The presence of significant skill for prediction of June mean rainfall despite the climatological dry bias in this region is consistent with the conclusions of Scaife et al. (2019) for tropical seasonal mean rainfall. The skill for predicting June mean rainfall in the middle/lower Yangtze River region is also consistent with the findings of Li et al. (2016) for JJA rainfall over the large Yangtze River basin, suggesting that the skill for the season as a whole may be largely influenced by the contribution from the mei-yu rainfall in June. This perhaps reflects the particular characteristics of the mei-yu rainband—a distinct and unique feature of the EASM occurring as part of the seasonal progression of the subtropical high (Chen et al., 2004)—and its occurrence as a “stationary phase” in the seasonal evolution of the EASM (Ding and Chan, 2005) that is present in the middle and lower Yangtze River valley largely during June alone. The rainfall associated with the mei-yu is the main contributor to the June mean rainfall, and although the mei-yu rainy season extends into the first week of July, this does not appear to influence the skill for July. This suggests that other sources of rainfall (such as tropical cyclones), occurring after the break that follows the end of the mei-yu, dominate the July mean rainfall and are less predictable on seasonal time scales.

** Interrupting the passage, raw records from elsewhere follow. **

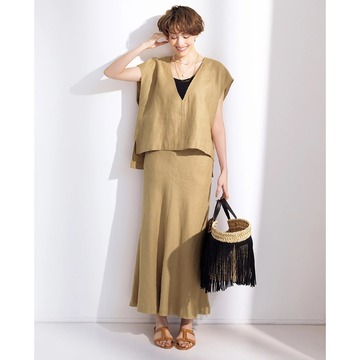 夏の救世主として重宝すること間違いなし！「E by éclat」のリネンジレ＆スカート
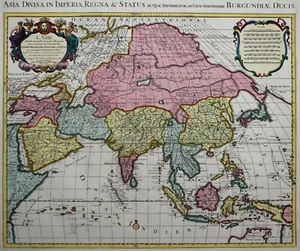 Asia Divided - Delisle / Covens & Mortier 1730 - Original Map - Picture 1 of 3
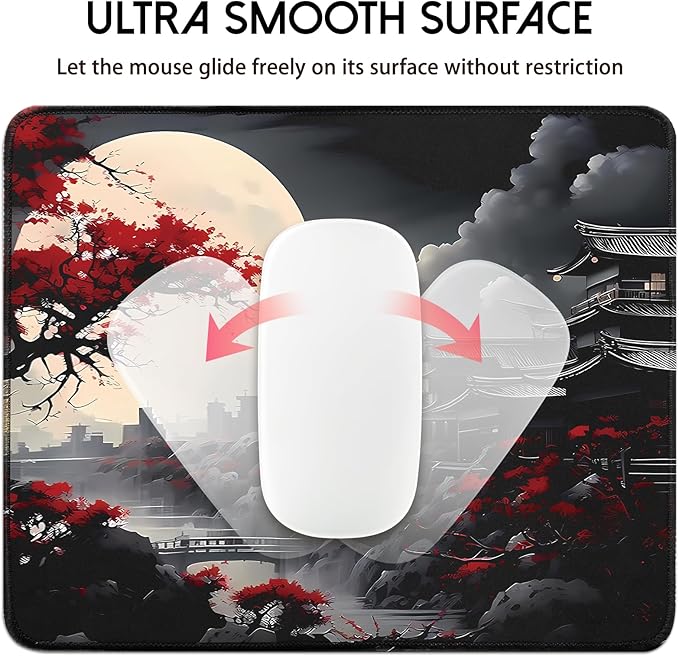 Mouse Pad Gaming Mousepad,Small Mousepads for Keyboard and Mouse with Non-Slip Rubber Base,Suitable for School,Office,Home,10.2 x 8.3 Inch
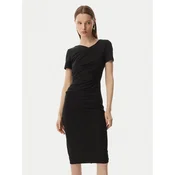 Rinascimento Cocktail obleka CFC0129420003 Črna Slim Fit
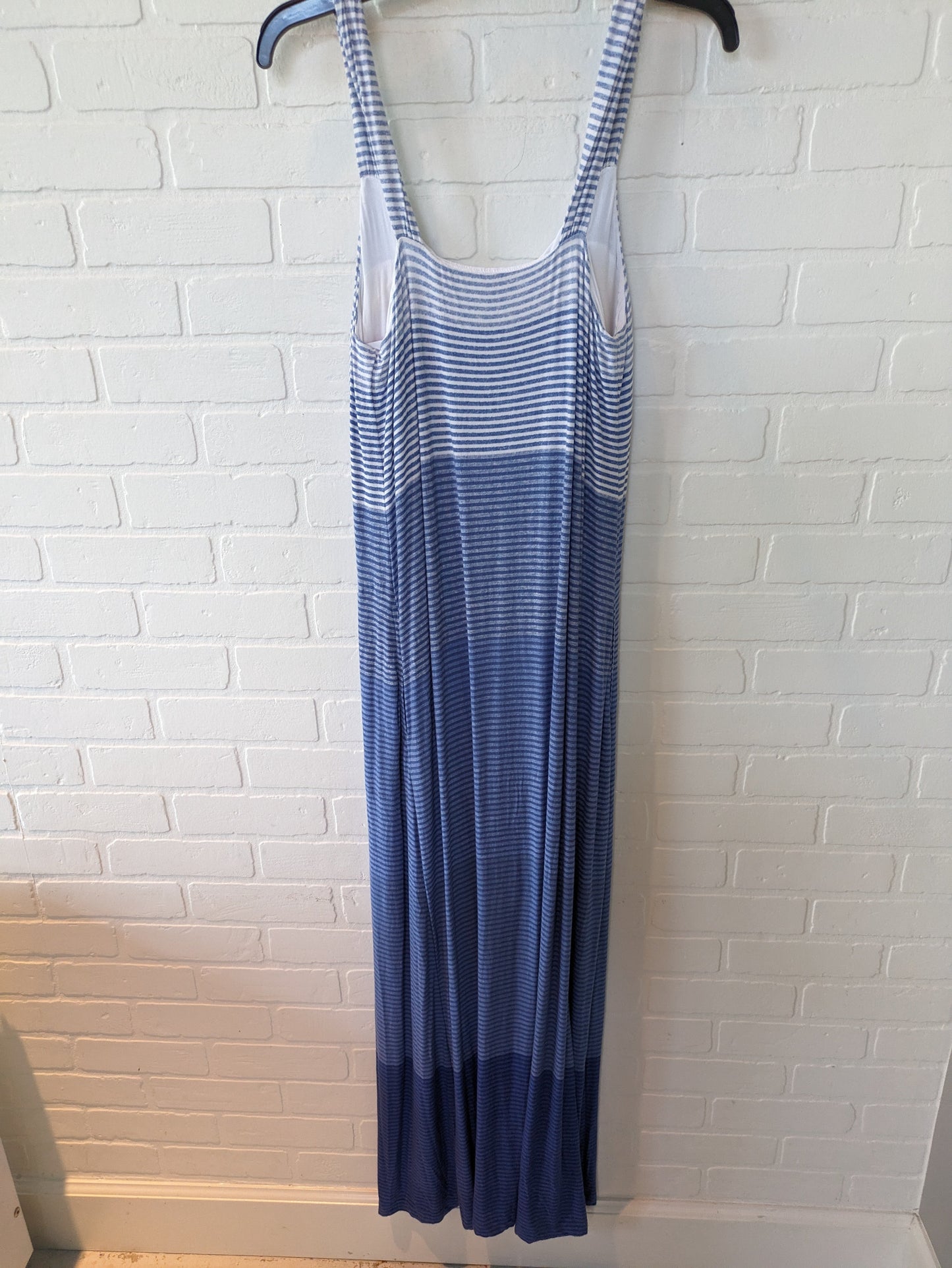 Blue & White Dress Casual Maxi Soma, Size M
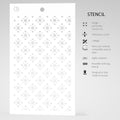 Texture Stencil 5"x8" Sangallo Lace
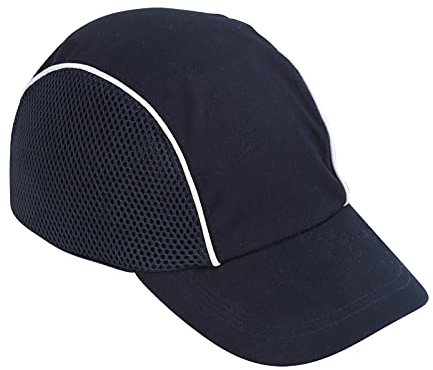 Casque de Protection, Casquette de Baseball Casque de Protection de la Tête Résistant aux Chocs avec Bande Réfléchissante Casque de Protection Léger et Respirant Casque Casquette Baseball Homme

We investigate possible sources of skill in the next section.
The EASMI is strongly related to the strength of the WNPSH. Su et al. (2014) showed that the drivers of interannual variations in rainfall in southern China in the early summer are related to the position and strength of the WNPSH. Figure 5a shows the June mean 850-hPa winds from the ERA-Interim reanalyses regressed upon the GPCPv2.3 June mean rainfall anomalies in the middle/lower Yangtze River region (as used in section 3) between 1993 and 2015. Similar to the findings of Su et al. (2014, their Fig. 9), the circulation anomalies associated with increased June mean rainfall in the middle/lower Yangtze River region are characterized by an anticyclonic circulation anomaly over the SCS and the Philippine Sea and anomalous southwesterly winds across southern China and to the south of Korea and Japan. Figure 5a shows the two boxes used in the EASMI definition; it is clear that the main characteristics of the 850-hPa circulation anomalies associated with June mean rainfall variations in the middle/lower Yangtze River region will be captured by this index. Figure 5b shows a similar regression for the hindcast ensemble with start dates in March. The anomaly pattern agrees well with that from the observations/reanalyses, although the anomalies in the hindcast are rather stronger over the SCS and to the east of the Philippines and rather more westerly to the south of Japan.
Figure5. (a, b) Regression of June mean 850-hPa winds onto June mean rainfall in the middle/lower Yangtze River region [shown by the red box in (c, d)] from (a) ERA-Interim and GPCPv2.3, and (b) GloSea5 ensemble member predictions initialized on 1, 9, 17 and 25 March. (c, d) Regression of June mean 850-hPa winds and rainfall from (c) ERA-Interim and GPCPv2.3, and (d) GloSea5 ensemble member predictions initialized on 1, 9, 17 and 25 March, onto observed preceding DJF Ni?o3.4 SST anomalies from HadISST1.1. In both cases, the regressions for GloSea5 are calculated for, and then averaged over, 10?000 single-member pseudo time series generated by randomly selecting an ensemble member (independently and without replacement) from all of the available ensemble members for each year in the combined ensemble with March start dates. The black boxes in (a, b) indicate the two regions used in the EASMI calculation. The values in each panel are scaled by the interannual standard deviation of the independent variable.Wang et al. (2013) demonstrated that, on seasonal time scales, WNPSH variations are highly predictable by both physically based empirical models and dynamical models. Camp et al. (2019) demonstrated skill in GloSea5 for predicting the intensity of the WNPSH using the index proposed by Wang et al. (2013). Several other studies have also demonstrated skill for predicting the seasonal mean EASMI in various dynamical models, including GloSea5 (e.g., Li et al., 2012, 2018b; Liu et al., 2015, 2018). However, as noted by Wang et al. (2008), an advantage of the EASMI is that it can be monitored on a variety of time scales and is known to be an excellent indicator of variations in the SCS summer monsoon onset (Wang et al., 2004). Martin et al. (2019) recently demonstrated significant predictive skill for the SCS summer monsoon onset in GloSea5. We next investigate the predictive skill for the monthly mean EASMI in GloSea5.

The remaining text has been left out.